Infrared bands to distinguish amorphous, meso and crystalline phases of poly(lactide)s: Crystallization and phase transition pathways of amorphous, meso and co-crystal phases of poly(ʟ-lactide) in the heating process

Abstract

The infrared spectral region 1280–1330 cm−1 assigned to the δs(CH3) + δ(CH) + ν(C–O–C) vibrational modes is found to be sensitive to the chain conformation, intermolecular interactions and chain packing mode of poly(lactide)s. Herein, we used the aforementioned spectral region to distinguish amorphous, meso and crystalline phases of poly(lactide)s. A single absorption band at 1302 cm−1 is observed for the amorphous poly(ʟ-lactide) (PLLA) and upon the crystallization, this band splits into two peaks, where the band positions are significantly different for the mesophase, crystalline phases of PLLA and stereocomplex.

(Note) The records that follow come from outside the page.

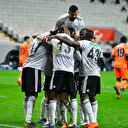 Beşiktaş'tan kritik galibiyet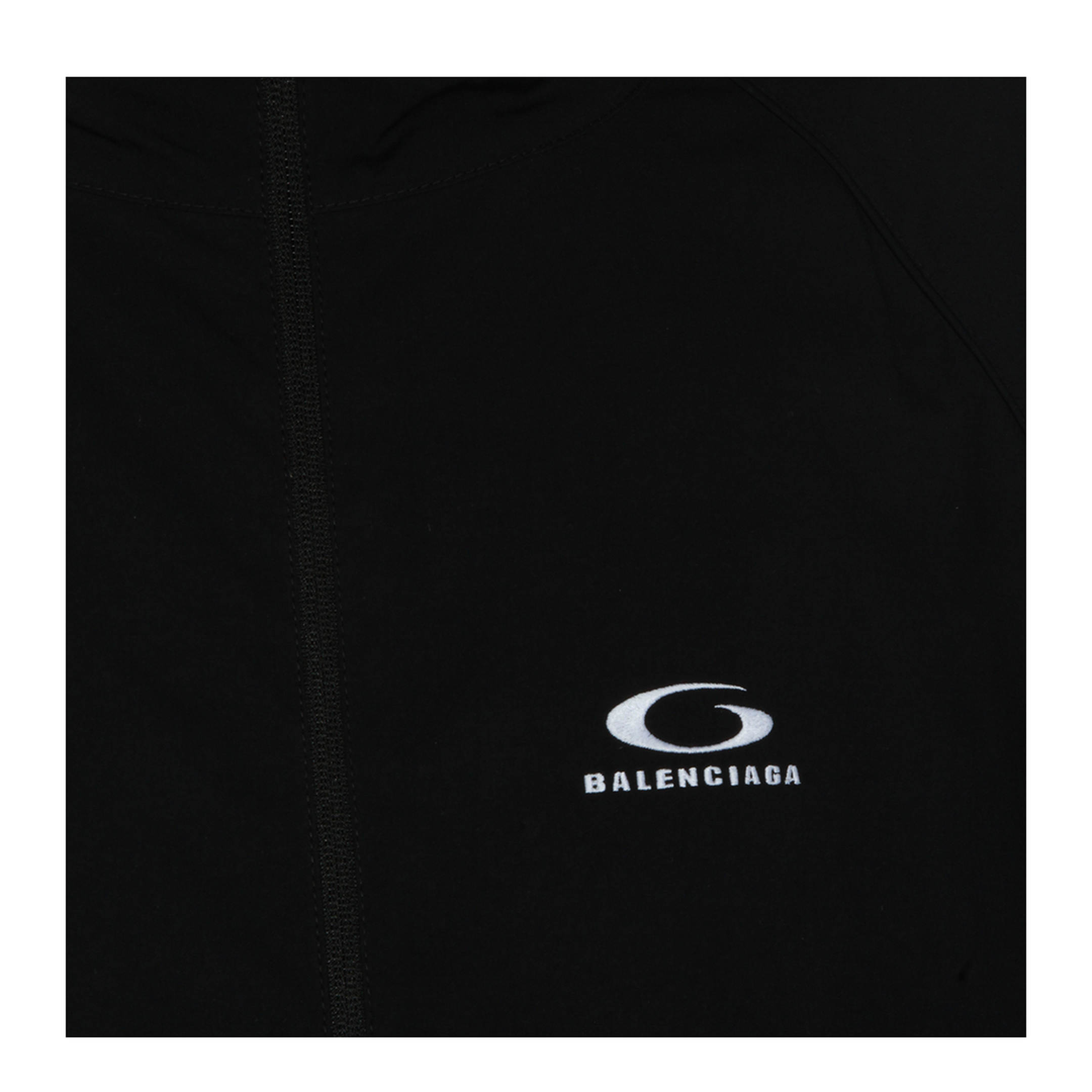 Technical Tracksuit Jacket
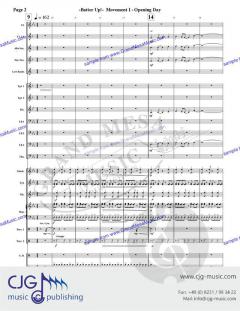 Batter Up von Jason K. Nitsch 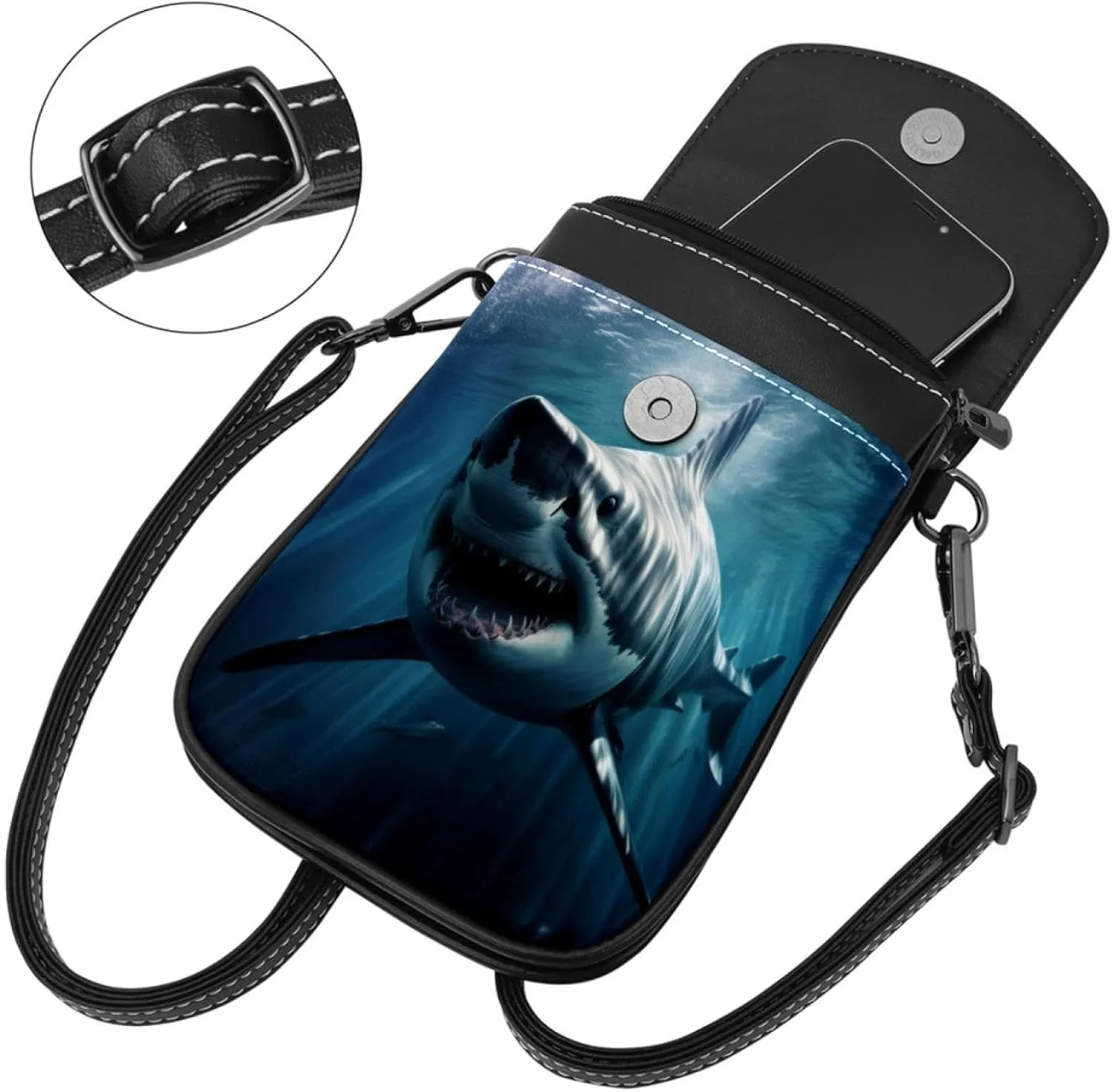 Crossbody Bags for Women,Crossbody Bag Men,Small Sling Bag,Crossbody Purse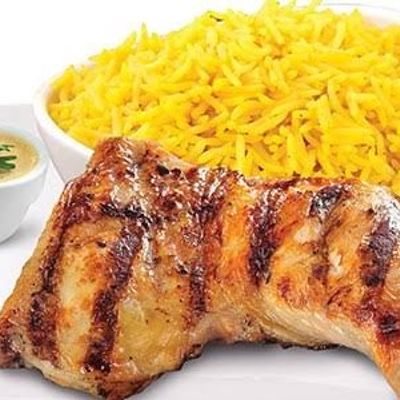 Chicken Thigh Meal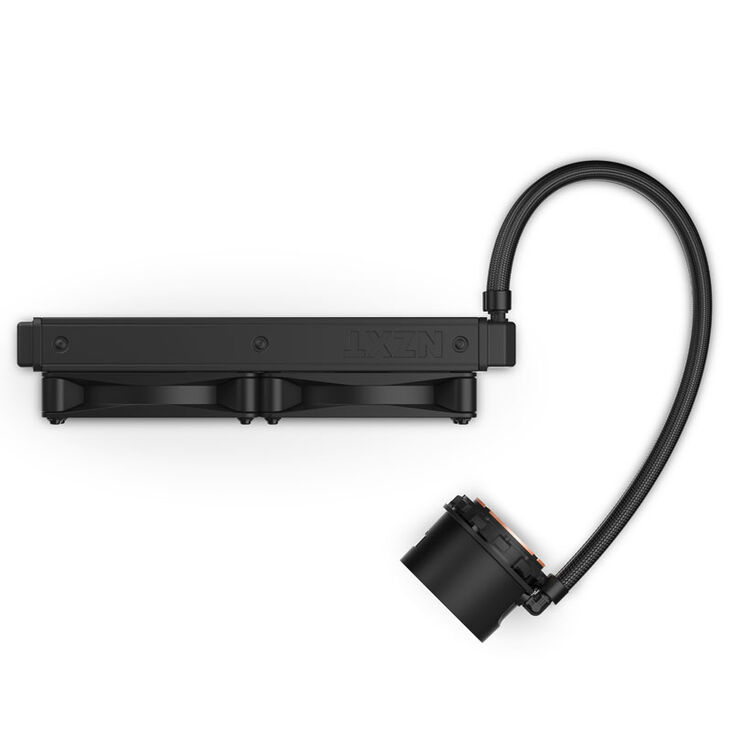 NZXT Kraken AIO Cooler - 240mm, black image number 1
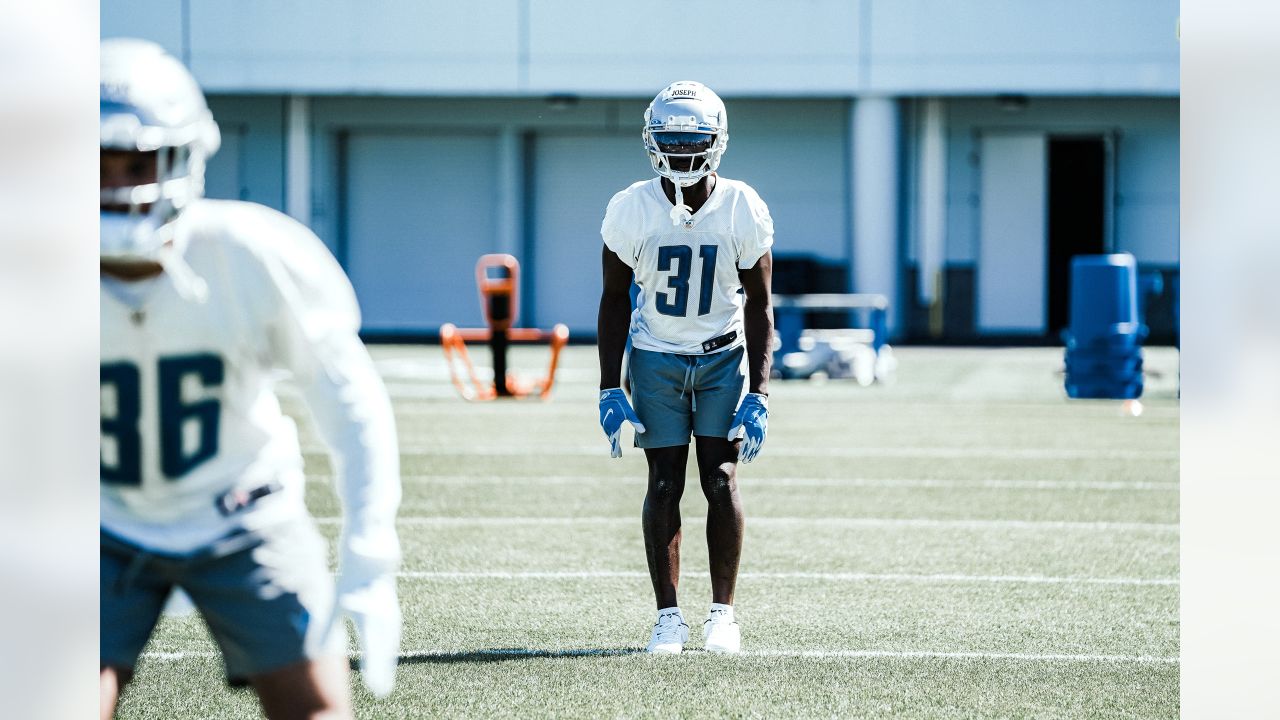 2022 Detroit Lions rookie minicamp: Day 1 photos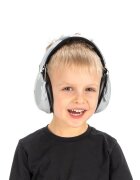 REER Casti antifonice pentru copii SNR 27 SilentGuard Kids gri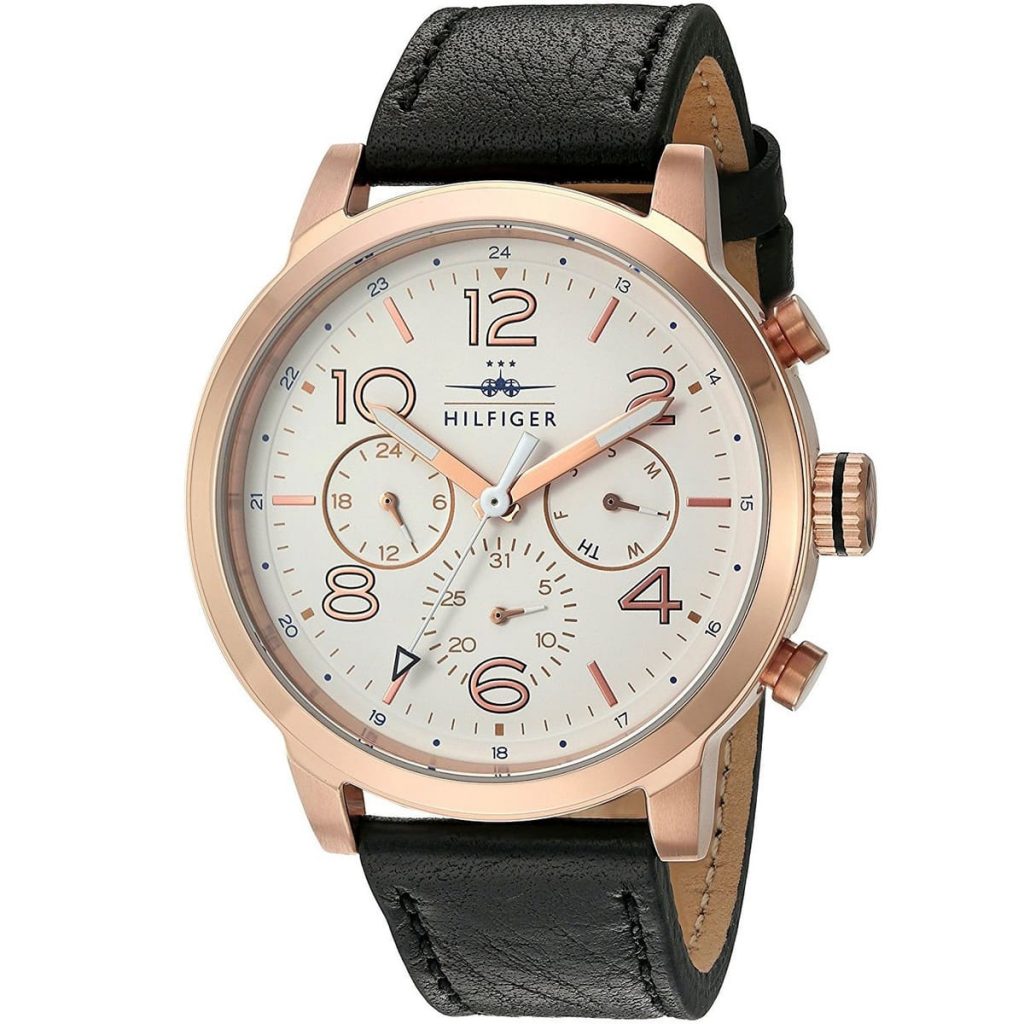 Tommy Hilfiger Men's Watch Jake 1791236 | Watches Prime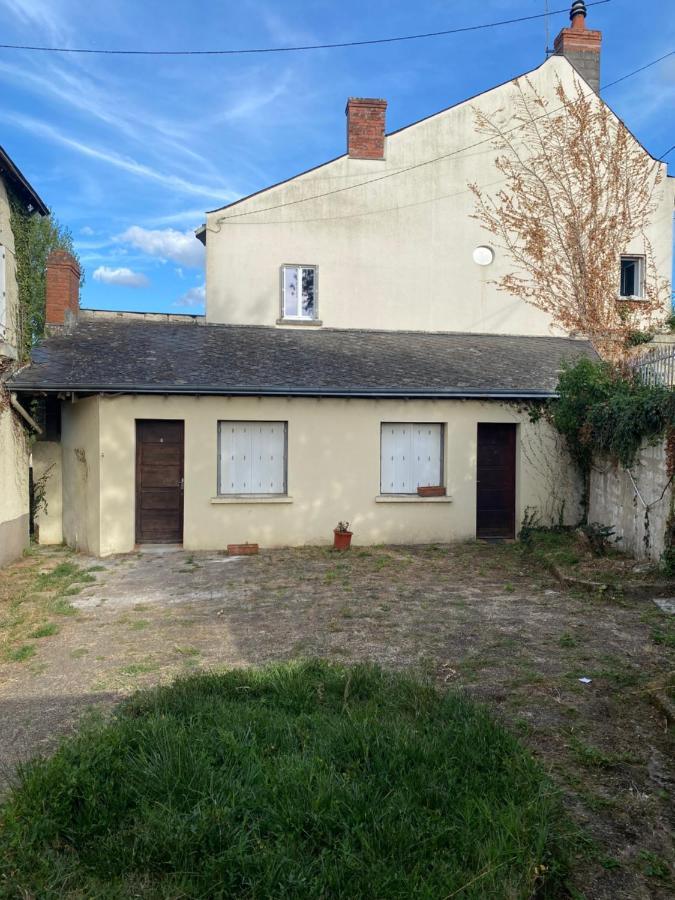 Gites De La Levee Chouzé-sur-Loire Exterior photo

The difference between the band positions of α and α′ forms of PLLA in this spectral region is due to the slight difference in the chain conformation, interchain interactions and chain packing. Although the chain conformation of the crystalline complexes (ε form) is similar to that of the α form, distinctly different infrared band positions were observed in this spectral region. Further, the infrared spectra of PLLA ε forms prepared using different solvent molecules (N,N-dimethylformamide, tetrahydrofuran, 1,3-dioxolane and cyclopentanone) are found to be sensitive to the solvent trapped within the crystal lattice (polymer-solvent interactions). The stereocomplex formed between the equimolar mixtures of PLLA and poly(ᴅ-lactide) (PDLA) showed a new pair of infrared bands at 1306 and 1318 cm−1, which are different from the other crystalline forms of PLLA due to the intermolecular interactions between PLLA and PDLA. In addition, this spectral region is successfully used to understand the structural regularization process during the crystallization of PLLA from the amorphous and mesophases. It was also shown that this spectral region is useful to clarify the structural phase transitions that occur during the heating of the crystalline complexes (ε form). The identified infrared region is complementary to X-ray diffraction in understanding the structural regularization and structural phase transitions of poly(lactide)s during in situ measurements.